Nunca supe si él llegó a sentir algo más que placer conmigo porque cada vez que me decidía a preguntarle, la sola idea de una respuesta negativa me aterrorizaba y desistía de hacerlo. Hoy me doy cuenta de que las respuestas siempre estaban ahí, sólo era cuestión de verlas. Nunca fui más que una vagina, un hueco para refugiar su ira, su frustración y su falsa hombría. El amor duradero es el amor infeliz; eso era lo que él tenía con su mujer: un amor infeliz, pero porque ese amor lo elegía su miedo en lugar de la verdadera entrega o tal vez por el interés del dinero o la fantasía de creerse importante.

Durante los últimos tiempos de esta putrefacta relación yo podía adivinar el final. Por supuesto, nunca como realmente fue, pero sí podía sentir el final. Hoy y aquí puedo decir que la culpa de todo la tuvo él. Sí… la tuvo él. Él me llevó de la mano y me empujó a esta oscuridad. Era tan cobarde que jamás hubiera atentado contra su propia vida, pero de alguna manera me empujó para que yo lo hiciera. Me sorprende que capacidad tuve como mujer para soportar tantas humillaciones y tanto dolor. ¡Qué estoica fui! Y ahora desde esta celda puedo adivinar las noches y los días y fantasear con ser libre.
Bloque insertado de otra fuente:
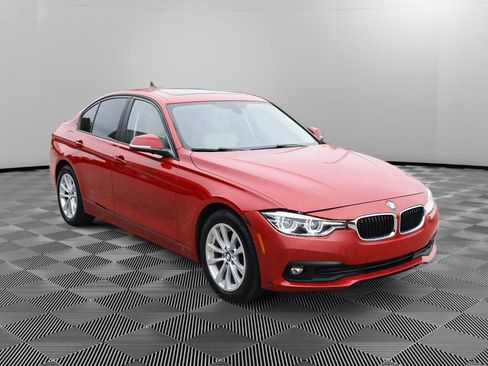 Used 2018 BMW 320i xDrive Sedan AWD/4WD image 12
Ese día hacía mucho frío. Nos íbamos a ver y dentro de mí había algo que me quemaba. Siempre llevaba dentro de mi cartera un cuchillo, una costumbre árabe. «Uno nunca sabe cuándo lo pueda necesitar», decía mi abuelo. Me fijé que estuviera dentro de mi cartera y luego me arreglé para ir a su encuentro. Nos encontramos en el lugar de siempre. ¡Cómo me hubiese gustado que, aunque sea una sola vez, esa vez me hubiera dado una sorpresa!, pero yo sabía que todo iba a ser igual que siempre. Rodaron por mis mejillas lágrimas más saladas que nunca. Otra vez allí, abierta de par en par, transparente: vagina, boca, lengua, gemidos, toda entera para él.

Entré al hotel y caminé hacia la habitación 214. Llegué y golpeé la puerta con suavidad. Él abrió y casi sin esperar me besó; estaba más que listo para su carnicería habitual. Lo miré con rabia y ni cuenta se dio. Él tenía por costumbre ir al baño antes de estar conmigo, ese día no fue la excepción; así que yo de manera casi mecánica, metí la mano en mi cartera, saqué el cuchillo y lo puse debajo de la almohada. Cuando regresó, comenzó a besarme, yo no podía sentir más sus besos. Él me acariciaba y yo lo dejaba, le seguía el juego. Lo único que yo pensaba era en el cuchillo. Durante este juego amoroso caímos a la cama, él quedó debajo de mí, y yo comencé a moverme lentamente; él gozaba más que nunca. Tenía sus ojos cerrados sintiendo cada movimiento, disfrutando y cuando comenzó a tener un orgasmo, saqué el cuchillo y asesté mi primera puñalada directo al corazón. Sus ojos se abrieron tan grandes como la naturaleza se lo permitió. Su cuerpo temblaba y seguí como una continuación del acto sexual, entrando y saliendo con toda la pasión que me estaba moviendo en ese momento. Cuando él comenzó a expulsar sangre por su boca y ahogarse en ella, tuve un orgasmo infinito y silencioso. Mi cuerpo tembló como si su alma hubiese entrado en mí y caí extasiada a su lado, por primera vez satisfecha y con poder. Me apropié de su vida por un rato, pero luego de este acto pútrido, me di cuenta de que él seguía teniendo poder sobre mí. Esta era una muestra más de cuánto me había robado, de cuán perdida yo estaba y envenenada de su propia cobardía.

La cara de la mujer que estaba escuchando mi historia parecía la cara de una muñeca del museo de cera. Sin decir palabra se levantó del banco y me dejó sola… volví a la celda. Miré todo a mi alrededor y vi más oscuridad. Me cubrí la cara y comencé a llorar.